The Director’s voiceover passages in the linking sequences are too rich in philosophical overtones to fully register in the course of viewing the film. But they set a lofty tone of thought and emotion that gives the film a larger kind of coherence while also reasserting an aura of existential mystery. The voiceovers provide a sense of his skepticism about humans’ ability to change with the modern world (“I fear that we remain irreparably ourselves, as we were when we began to live”) and a haunting sense of his vocation (“I am someone profoundly attached to images. I only discovered reality when I began photographing it …”). The Director’s devotion to the act of seeing with all of its attendant difficulties is beautifully embodied by the suave, fluid mise-en-scene throughout Beyond the Clouds—which provides the strongest of its powerful links to Antonioni’s masterpieces. And the voiceovers ultimately establish a sense of the Director’s image-quest as something both mystical and quixotic: “We know that beneath the image that is recorded lies another, more faithful to reality, and beneath that one lies another, until we come to the final image of that absolute mysterious reality which no one will ever see.”
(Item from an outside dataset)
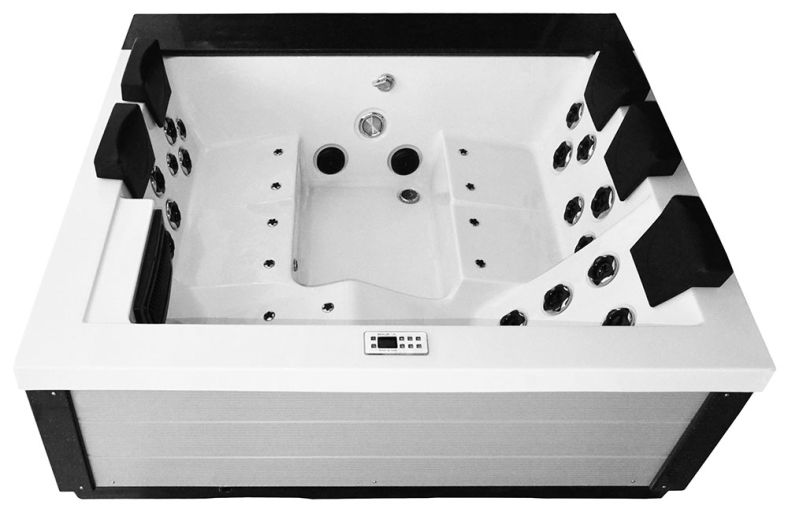 Wanna SPA ogrodowa MOG-1545 z hydromasażem – 5 osób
Taken by themselves, the episodes can sound rather slight, but their cumulative effect is richer and more extensive than any plot summary can indicate. Antonioni’s characteristic oblique narrative methods are put to fresh use in this anthology” setting, and the interplay of episodes is enhanced by a small array of miniature episodes that echo and mirror the main ones: a brief flirtation and battle of gazes in an elevator in the Paris episode, for example, and an older couple (Marcello Mastroianni and Jeanne Moreau) turning up briefly to banter about images in Cezanne country during the prelude to the final episode. The complex relationship of image and word—another recurring element of Antonioni’s work in general—makes regular contributions to this process in Beyond the Clouds as well. The characters’ dialogue is frequently articulate and precise, but just as frequently the film makes us aware of quiet and subtle disparities between the seen and the said.

The phrase “beyond the clouds” comes from That Bowling Alley on the Tiber, but not from any of the adapted stories. It appears in the volume’s opening story “The Event Horizon,” which concerns an aviation accident. One of the officials who investigates the crash speaks with the press at the accident scene and finds himself describing the wreckage in coldly precise terms while his gaze drifts away from his listeners and on toward the distant horizon—“at the clouds” and, finally, “Beyond the clouds.” Looking “beyond the clouds” is a mode of protective irony, a way of being inside a difficult situation and outside it at the same time, and as such, it is an image that can speak to the essentials in Antonioni’s whole approach to filmmaking. After all, his best work—Beyond the Clouds included—is distinguished by extraordinary combinations of present-tense immediacy and timeless detachment. And it is this uniquely cinematic way of seeing that makes Beyond the Clouds into a consistently intense experience with exceptional moment-to-moment richness throughout.